#### TRY IT
Your job here is to restate every record exactly, pictures excluded.

### MATERIAL PROVIDED

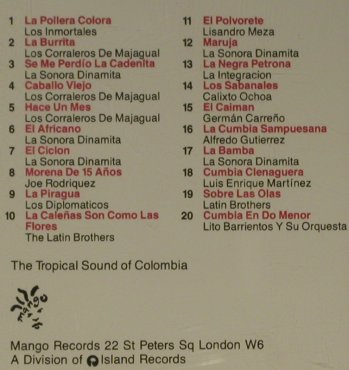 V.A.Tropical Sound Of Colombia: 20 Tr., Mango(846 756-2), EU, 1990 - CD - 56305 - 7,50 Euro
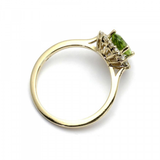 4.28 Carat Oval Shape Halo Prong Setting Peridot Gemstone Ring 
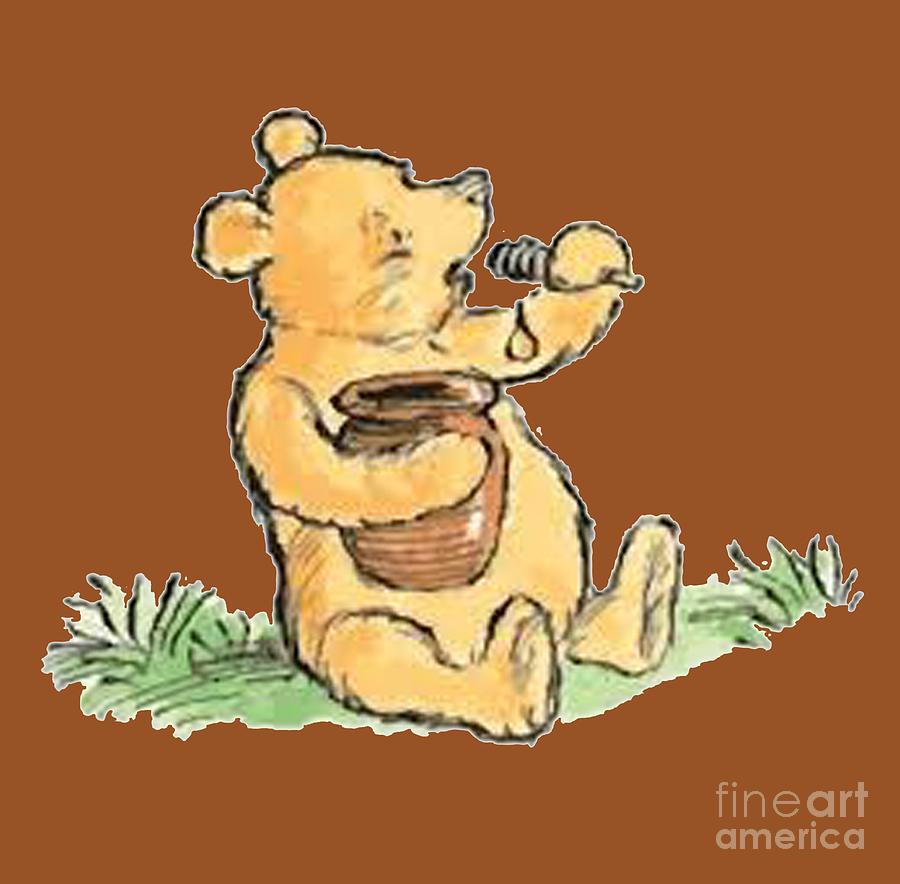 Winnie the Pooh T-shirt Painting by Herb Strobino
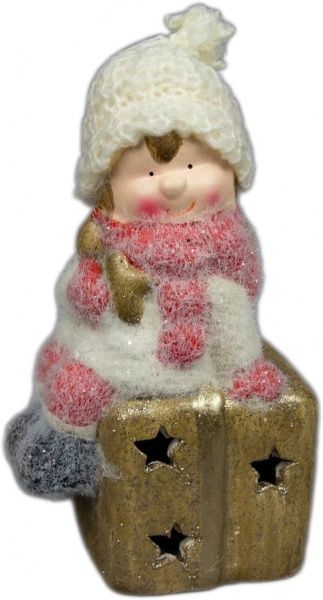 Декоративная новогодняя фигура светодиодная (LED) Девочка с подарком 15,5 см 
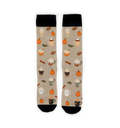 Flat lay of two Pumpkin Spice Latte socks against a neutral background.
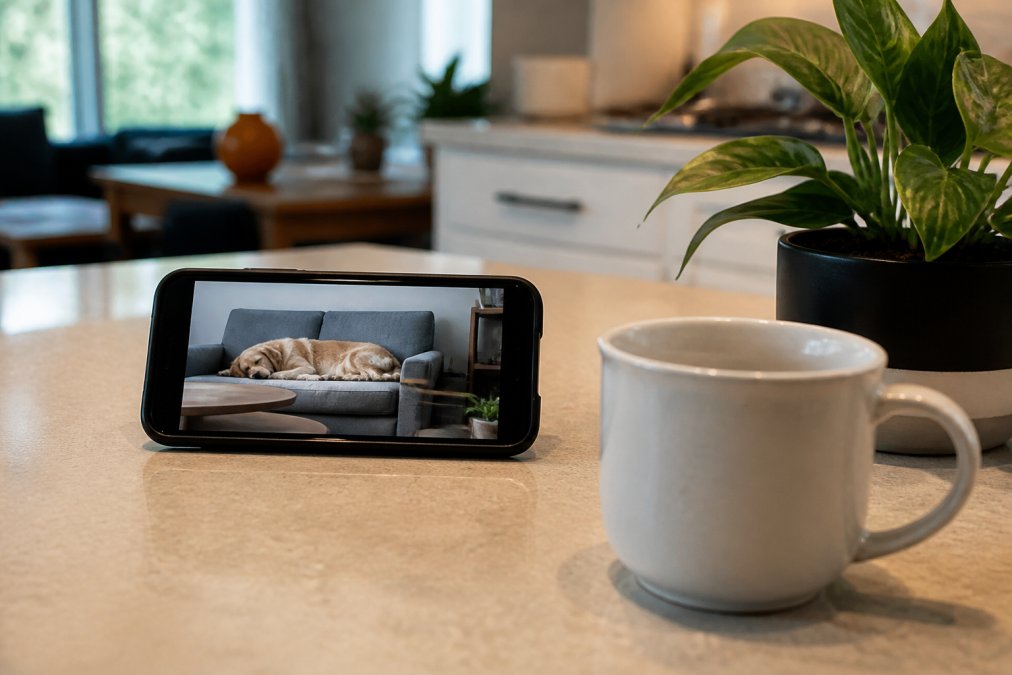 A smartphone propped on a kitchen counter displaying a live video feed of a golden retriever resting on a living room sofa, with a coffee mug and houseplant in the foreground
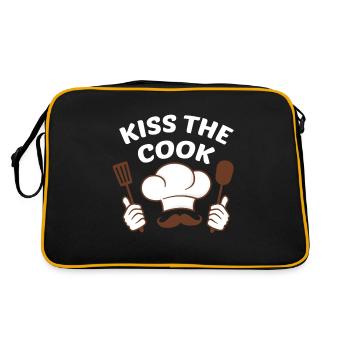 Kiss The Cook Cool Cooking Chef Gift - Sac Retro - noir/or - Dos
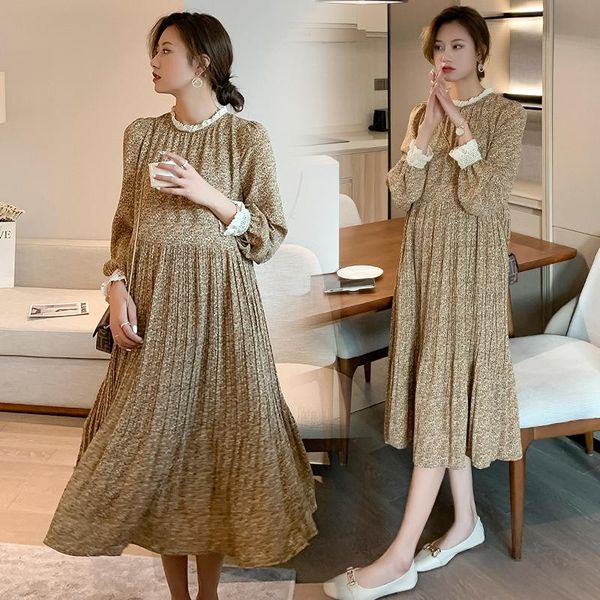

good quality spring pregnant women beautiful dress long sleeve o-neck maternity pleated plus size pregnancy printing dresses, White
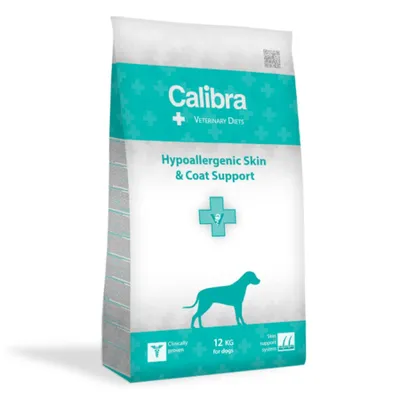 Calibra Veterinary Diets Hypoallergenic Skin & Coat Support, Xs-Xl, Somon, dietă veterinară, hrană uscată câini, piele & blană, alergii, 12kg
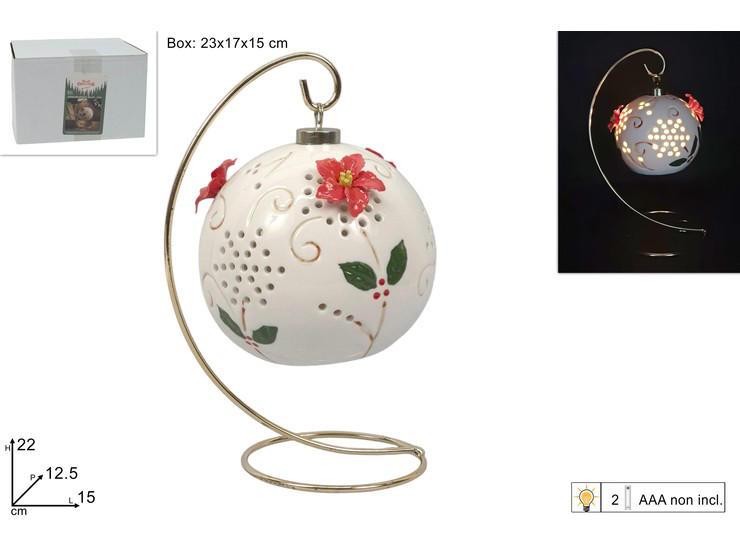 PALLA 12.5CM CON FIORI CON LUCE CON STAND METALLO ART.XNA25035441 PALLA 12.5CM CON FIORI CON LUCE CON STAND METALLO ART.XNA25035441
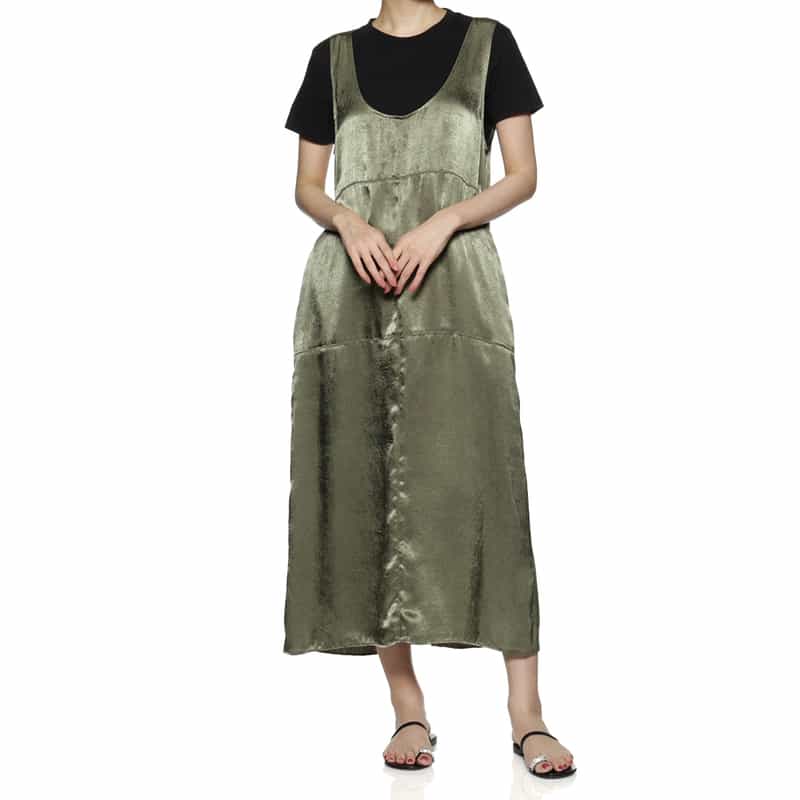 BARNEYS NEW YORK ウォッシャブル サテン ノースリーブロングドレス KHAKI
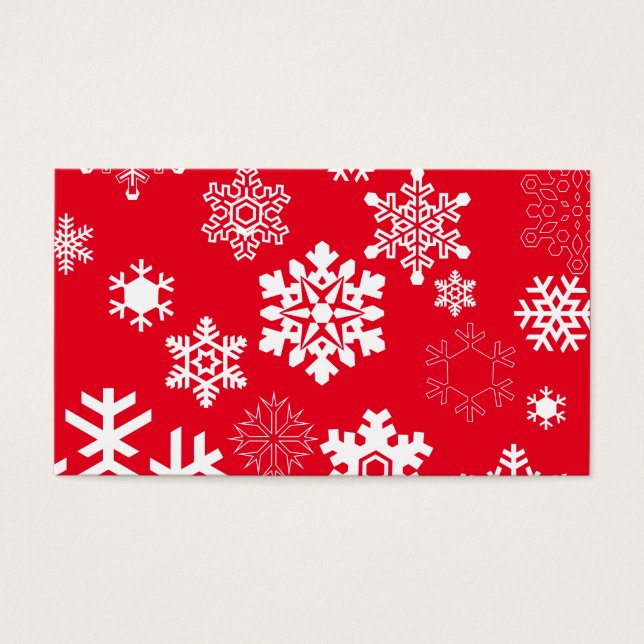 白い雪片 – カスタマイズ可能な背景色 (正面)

######

#### ANSWER TO THIS EXERCISE
 V.A.Tropical Sound Of Colombia: 20 Tr., Mango(846 756-2), EU, 1990 - CD - 56305 - 7,50 Euro
 4.28 Carat Oval Shape Halo Prong Setting Peridot Gemstone Ring 
 Winnie the Pooh T-shirt Painting by Herb Strobino
 Декоративная новогодняя фигура светодиодная (LED) Девочка с подарком 15,5 см 
 Flat lay of two Pumpkin Spice Latte socks against a neutral background.
 A smartphone propped on a kitchen counter displaying a live video feed of a golden retriever resting on a living room sofa, with a coffee mug and houseplant in the foreground
 Kiss The Cook Cool Cooking Chef Gift - Sac Retro - noir/or - Dos

good quality spring pregnant women beautiful dress long sleeve o-neck maternity pleated plus size pregnancy printing dresses, White
 Calibra Veterinary Diets Hypoallergenic Skin & Coat Support, Xs-Xl, Somon, dietă veterinară, hrană uscată câini, piele & blană, alergii, 12kg
 PALLA 12.5CM CON FIORI CON LUCE CON STAND METALLO ART.XNA25035441 PALLA 12.5CM CON FIORI CON LUCE CON STAND METALLO ART.XNA25035441
 BARNEYS NEW YORK ウォッシャブル サテン ノースリーブロングドレス KHAKI
 白い雪片 – カスタマイズ可能な背景色 (正面)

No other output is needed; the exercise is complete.